U.S. embargo of Cuba is proven failure

Many “hard” scientists regard the term “social science” as an oxymoron. Science means hypotheses you can test, and prove or disprove. Social science is little more than observation putting on airs. Among the social sciences, economists are the snobs. Economics, with its numbers and graphs and curves, at least has the coloration and paraphernalia of a hard science. It’s not just putting on sandals and trekking out to take notes on some tribe.

Political science, meanwhile, announces its defensiveness in its name. If it really were a science, it wouldn’t need to say so quite as adamantly, would it? The difficulty with social science is that it’s about people, who tend to be fickle. Political science is usually about people in large groups. Parties. Societies. Nations. If you want to test a proposition about, say, the relationship between democracy and free trade, you can’t just set up a bunch of countries to experiment with. You have to take what you find, and there will always be some exception or complication to defeat your pretensions to science.

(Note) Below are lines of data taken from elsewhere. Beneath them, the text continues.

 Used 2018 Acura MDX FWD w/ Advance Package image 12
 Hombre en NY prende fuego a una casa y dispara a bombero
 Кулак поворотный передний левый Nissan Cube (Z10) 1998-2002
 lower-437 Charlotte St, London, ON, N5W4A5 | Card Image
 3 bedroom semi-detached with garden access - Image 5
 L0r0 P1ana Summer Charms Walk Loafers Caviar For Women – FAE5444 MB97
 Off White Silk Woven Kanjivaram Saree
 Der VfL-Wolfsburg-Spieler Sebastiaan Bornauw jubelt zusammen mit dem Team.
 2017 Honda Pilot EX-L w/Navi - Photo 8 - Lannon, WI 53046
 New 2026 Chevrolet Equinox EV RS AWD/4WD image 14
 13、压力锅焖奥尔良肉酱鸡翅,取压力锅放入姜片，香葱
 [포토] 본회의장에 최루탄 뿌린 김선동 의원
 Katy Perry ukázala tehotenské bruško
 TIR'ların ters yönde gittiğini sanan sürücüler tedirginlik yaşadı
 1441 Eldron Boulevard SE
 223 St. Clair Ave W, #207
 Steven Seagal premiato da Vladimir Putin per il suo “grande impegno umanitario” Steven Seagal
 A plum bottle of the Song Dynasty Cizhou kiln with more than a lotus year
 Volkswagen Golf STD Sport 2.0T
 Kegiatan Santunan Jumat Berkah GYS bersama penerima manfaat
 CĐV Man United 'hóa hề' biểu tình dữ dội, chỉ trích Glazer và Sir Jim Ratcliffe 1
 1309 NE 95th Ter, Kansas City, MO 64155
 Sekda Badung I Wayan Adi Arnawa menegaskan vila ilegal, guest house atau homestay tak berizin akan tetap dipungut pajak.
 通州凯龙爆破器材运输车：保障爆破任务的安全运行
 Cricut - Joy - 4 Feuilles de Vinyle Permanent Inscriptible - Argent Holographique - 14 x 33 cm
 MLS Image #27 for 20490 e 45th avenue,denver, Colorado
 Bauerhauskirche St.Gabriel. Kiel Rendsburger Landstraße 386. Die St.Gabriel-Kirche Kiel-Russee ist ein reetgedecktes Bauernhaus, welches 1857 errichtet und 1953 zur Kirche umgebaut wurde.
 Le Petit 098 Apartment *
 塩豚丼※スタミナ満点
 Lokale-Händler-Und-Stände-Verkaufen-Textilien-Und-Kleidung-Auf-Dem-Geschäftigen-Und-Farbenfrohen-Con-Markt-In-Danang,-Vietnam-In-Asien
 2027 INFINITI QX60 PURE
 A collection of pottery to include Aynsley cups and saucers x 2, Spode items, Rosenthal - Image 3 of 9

For the past four decades, however, we have been conducting something pretty close to a scientific experiment on one of the most important practical questions the world has ever faced. This question has dominated American politics, off and on, for almost a century. We have conducted this experiment at no small cost and have ruthlessly ignored the results. The question is: What is the best way for free nations to defeat totalitarian regimes in general and communism in particular?

Communism was never a monolith. Even in its heyday, it came in lots of flavors. There was Tito’s Yugoslavia, which always kept a foot outside the Iron Curtain and turned out to be 150 or so countries united only in their loathing of one another. There was China, the subject of Americans’ most paranoid Cold War fantasies and now the subject of paranoia of exactly the opposite sort. There was Albania, a black hole from which no information could escape. There was the romantic Latin flavor that was more about the revolution itself than about nationalizing the means of production.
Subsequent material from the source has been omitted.